Dear editor:
Re: Grading teachers: What would it look like?, The Record, April 4.
How can a teacher be supported and helped without evaluations? How can a teacher have the opportunity to improve if evaluations are not done?
By not evaluating teachers, administration gets off the hook for not dealing with parent concerns. We asked for a copy for a blank evaluation form back in October 2011 and several times since. We have yet to receive one. Could it be that it doesn't exist?
The New Westminster Teachers' Union collective agreement states: E 22.2.1 summative evaluation through teaching reports is a legally required process. Has the school board and administration not been doing what is legally required?
The BCSTA (B.C. School Trustees Association) website states that the board will "guide the work of their school district" and "is directly accountable to the people they serve." How is the board serving parents and children by not doing evaluations, resulting in concerns not being addressed or even acknowledged?
Some of the trustees have been on the school board for decades. If the school board chair acknowledges the benefit of formal evaluations, why isn't this standard practice, like so many other organizations? Does the board chair's comment "teachers may think they are in trouble now" if evaluations are done, stop the board from doing what is legally required?
Is this biasing the process from occurring? Does having three teacher trustees on the board impede the legal requirements from occurring?
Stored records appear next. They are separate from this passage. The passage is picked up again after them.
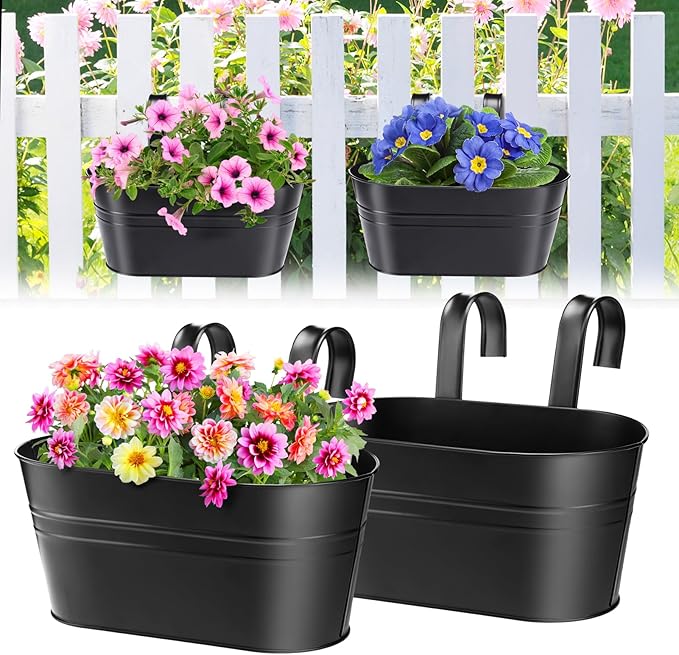 MADHOLLY Railing Planter with Drainage Holes - Sturdy Bucket Pots for Railing Fence, Countryside Style Metal Flower Pots for Herbs Balcony Garden Yard Decor, 2Pcs, Black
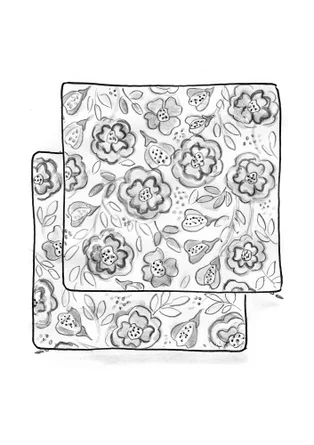 “Wild Rose” printed cushion cover in linen/cotton - dark ash grey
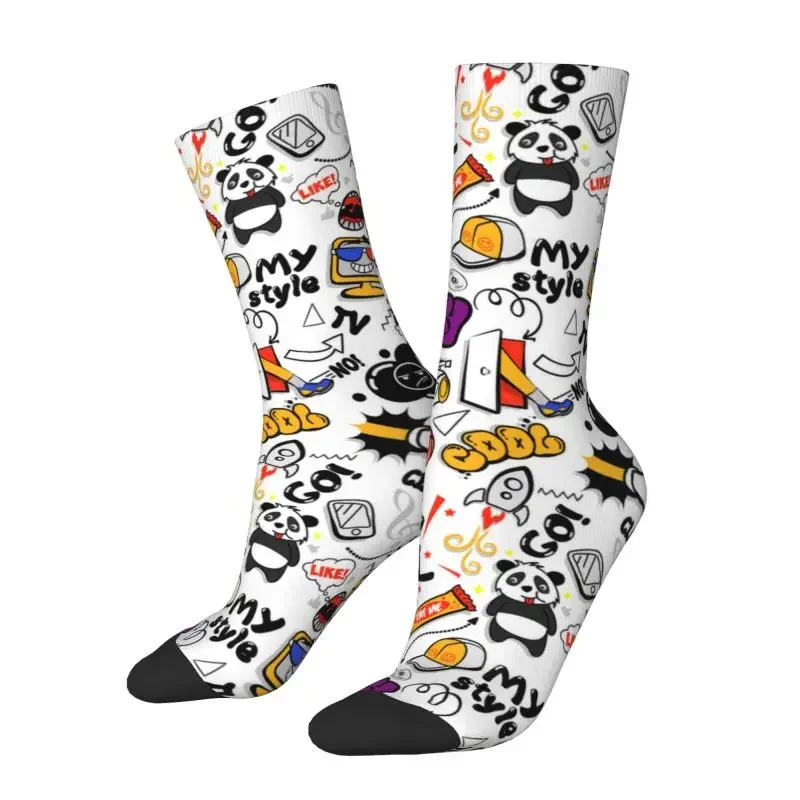 

Kawaii Printed Funny Cartoon Graffiti Style Socks for Men Women Male Stretch Summer Autumn Winter Cool Graffiti Art Crew Socks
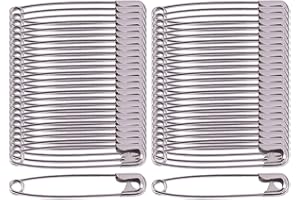 BSTHP Spille di sicurezza, 45 mm, resistenti e resistenti, placcate in nichel, confezione da 50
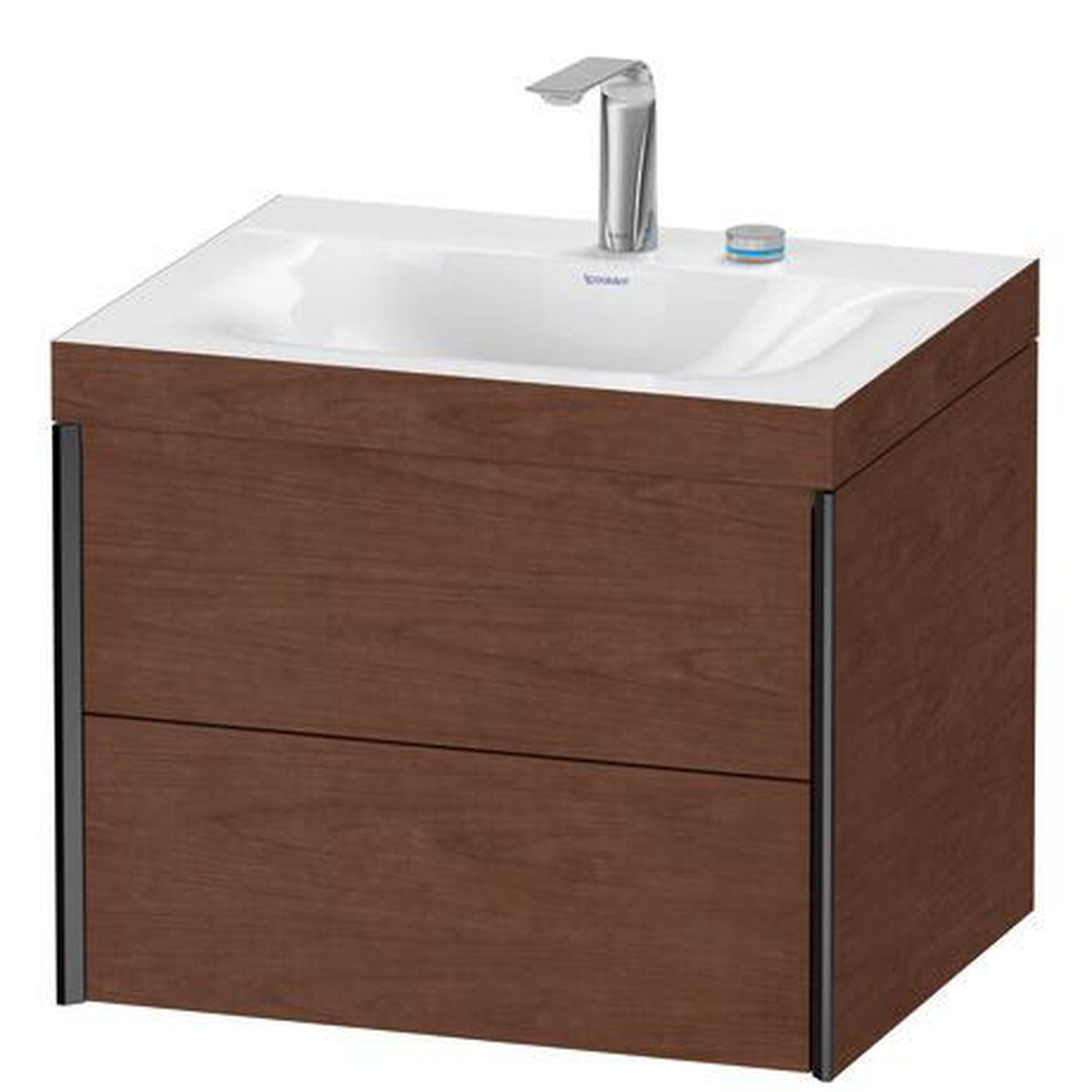 Duravit Xviu 24" x 20" x 19" Two Drawer C-Bonded Wall-Mount Vanity Kit With Two Tap Holes, American Walnut (XV4614EB213C)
The most senior trustee in B.C. is a teacher, and so is his spouse.
Could this conflict of interest be one of the impediments to having evaluations done?
If three trustees are teachers, how likely is it that evaluations will start to happen anytime soon.
BCSTA's members approved the concept of boards' key work - improving student achievement through community engagement. In the best interest of the community that the board serves, including the teachers, evaluations need to be done.
It is conceivable that if evaluations were done, teachers would be supported and parents' concerns from years ago would have been addressed and the current "math situation" would not have occurred.
The current problem was identified by parents and brought to administration many years ago.
Regardless of what action was taken or not taken, it was not effective, resulting in students being negatively impacted academically and emotionally.
During the past six months, we are left with more questions than answers in our dealings with the school district.
Skirting issues, avoiding direct answers and trying to find loopholes to dismiss parent concerns don't sound like techniques used to improve student achievement.